The start of the pclntab is always a version-specific magic number. This number dictates table parsing behavior for each layout format, which changes at a different versioning cadence than the rest of the runtime. Valid magic numbers are found on this GitHub page. As a result, we can perform a linear byte scan for these magic numbers to identify the pclntab.
Some packers such a UPX change section names and sizes. When scanning packed binaries, care must be taken to merge all section data prior to performing a scan. For some packed binaries, the pclntab spans two sections. If each section is scanned individually, only a partial pclntab may be discovered.
GoReSym includes the following changes to the Go runtime code to locate the pclntab:
- Modification of the file format parser to continue if the runtime.symtab symbol is missing. Since Go 1.3, this symbol, and the legacy table it points to, is not used but the runtime code validates it always exists, which is unnecessary.
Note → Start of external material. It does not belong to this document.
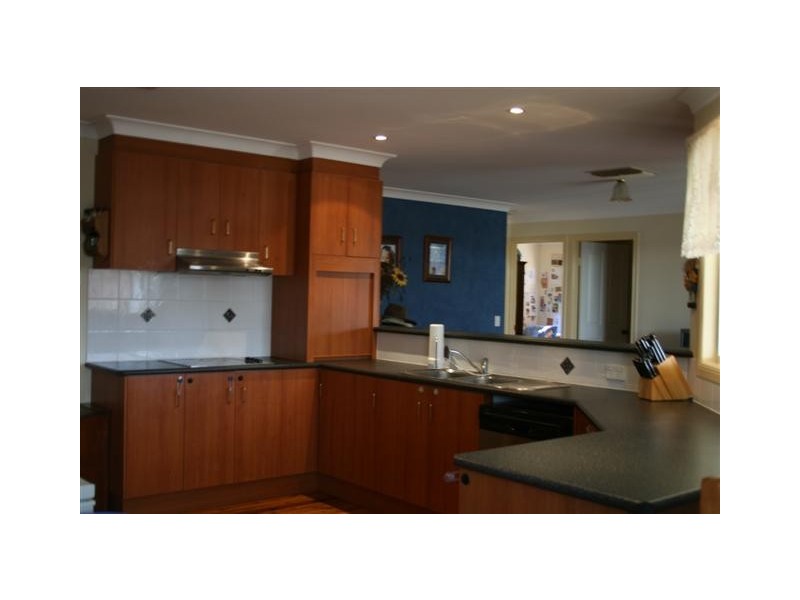 233 Edwardes Street, Roma QLD 4455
- When symbols are located, validate they point to plausibly correct data
- If standard symbol or section-based location fails, perform byte scanning to locate the pclntab
- Return additional information about the pclntab such as its virtual address
Beyond storing important function metadata, the pclntab can also be used to locate a second metadata structure named moduledata.
The moduledata structure is an internal runtime table that stores information about the layout of the file as well as runtime information used to support core features such as garbage collection and reflection. Unlike the pclntab, this structure cannot be found via symbols. Its layout also changes much more frequently.
To locate the structure, we first must examine how it is defined. There are two definitions that depend on the Go runtime version. In modern versions, the pclntab is found via an offset in the pcHeader structure shown in Figure 7.
In older Go versions, the pclntab was directly embedded as a byte array or "slice" rather than referenced by an offset. The in-memory layout of both, however, is similar if we examine the format of a Go slice (Figure 8).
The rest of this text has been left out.